The C/EBP transcription factors regulate cellular proliferation and differentiation of a range of cell types. They have been described as both tumour promoters and tumour suppressors, indicating that their regulatory system is complex (Nerlov, 2008). In C/EBPα, a regulatory domain motif (RDM) has been shown to inhibit the activity of an activation domain in a position-independent, but dose-dependent manner. The RDM was characterized by the consensus [VIL]K.EP and it was shown that sumoylation of lysine at position 2 decreases its inhibitory function in vitro (Kim et al., 2002; Nerlov, 2008).

A major hindrance to bioinformatic investigation of LM occurrences is that simple database searches do not yield significant results, while the false instances of motifs vastly outnumber the true ones. However, with improved sequence database annotation, LMs can sometimes be significantly enriched with certain keywords. Thus, Copley used transcriptional keywords to detect and justify new examples of the EH1 transcriptional repressor motif (Copley, 2005). A similar approach in combination with disorder prediction and conservation scoring, has shown that KEN-box destruction motifs are significantly enriched in the set of UniProt/Swiss-Prot entries annotated with cell-cycle keywords and Gene Ontology (GO) terms (Michael et al., 2008).

In this article, we report a computational investigation based on the RDM of C/EBPs. We refined the motif in the aligned C/EBP RDM sequence segments and then deployed a protocol involving keyword enrichment, native disorder prediction and conservation scoring in a survey of protein sequence databases. Highly significant results for motif matches were obtained with sets of entries annotated with keywords, such as nucleus, transcription and chromatin. The conservation pattern of the C/EBP motif was found to be the archetype of a linear motif, which we term KEPE, which is present in many nuclear proteins of the metazoa.


2.1 Motif search

The interactive motif search tool SIRW combines regular expression searches with keyword searches of text annotation (Ramu, 2003). SIRW ( was used to explore the human UniProt/Swiss-Prot database (release 54.7; 18054 entries for Homo sapiens) with the C/EBP-derived KEPE regular expression, [MILVFT]K.EP.{1,4}[DE]. To limit the search space, relevant annotation terms, such as nucleus, transcription and chromatin were used to search the fields for the GO terms [the Gene Ontology annotation (Harris et al., 2004; The_Gene_Ontology_Consortium, 2008)] as well as the separate keyword (KW) fields for keywords. (Note that the GO and KW searches are not formally equivalent because the GO terms include longer phrases in the definitions, while the annotators are also likely to have used different guidelines.) In order to assess the significance of the relative enrichment, we calculated P-values using Fisher's exact test (available in Excel and the R package).

2.2 Motif permutation controls

It is important to exclude artefactual or trivial reasons for motif enrichment, such as a bias in favour of the amino acids K, E and P. Therefore, in order to control for the background frequency, we permuted the three fully conserved residues in the KEPE motifs (KPEE; EKPE; EPKE; PEKE; PKEE) as well as a specific permutation (KEEP) for the two residues P and [DE] that extend the SUMO motif. Then we examined them for keyword association and conservation score (CS) as for the KEPE. Results for the controls are presented in detail in the Supplementary Material.

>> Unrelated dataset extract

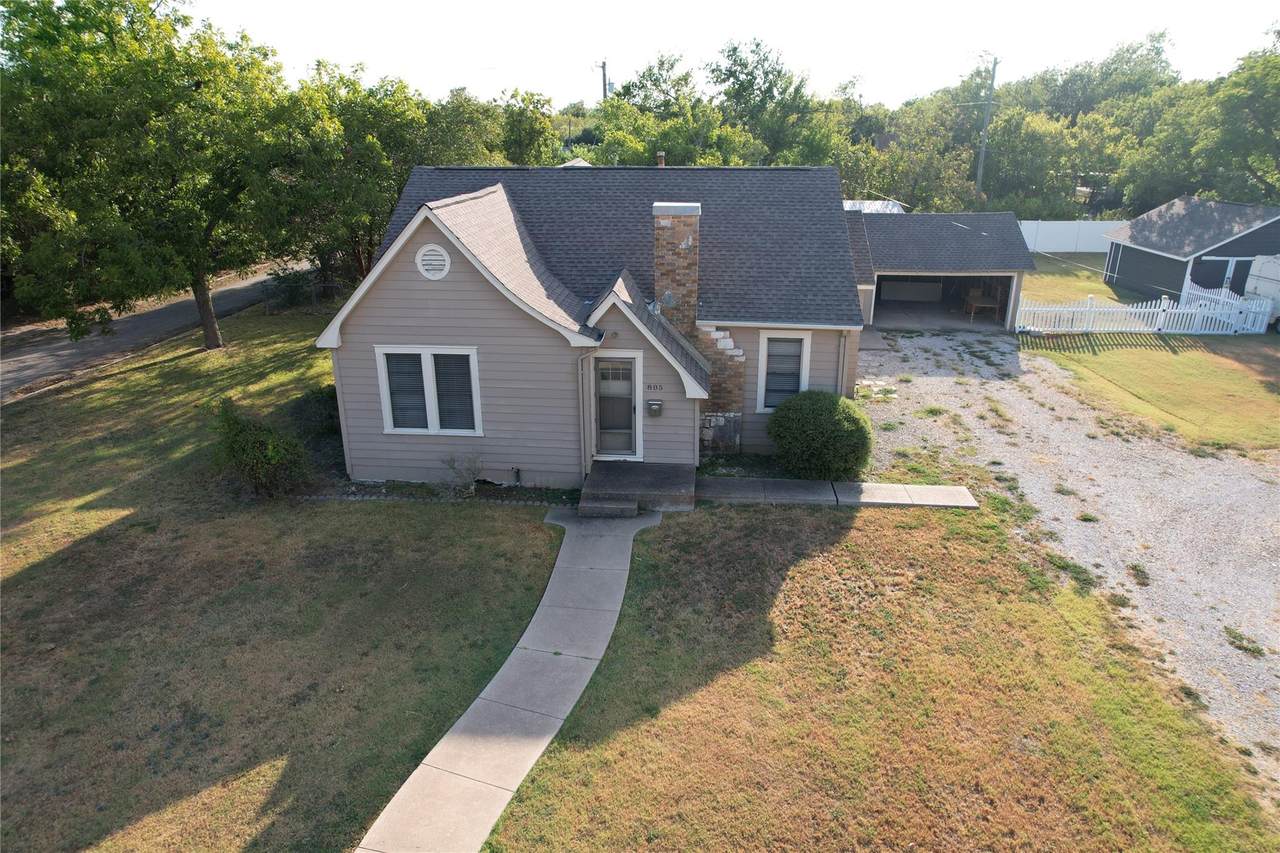 805 Howard St - Photo 1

2.3 Modular protein architecture context

Motif matches were evaluated for presence in known globular domains using the Pfam and SMART domain databases (Letunic et al., 2006; Sammut et al., 2008). IUPred ( (Dosztanyi et al., 2005) was used to test whether the motifs were found in predicted globular or natively disordered regions (also known as IUP, intrinsically unstructured polypeptide). Using the IUPred ‘long’ parameter setting to predict longer stretches of disorder, flanking regions of 15 amino acids upstream and downstream of the motif were scored, applying a value of 0.4 as the cut-off threshold.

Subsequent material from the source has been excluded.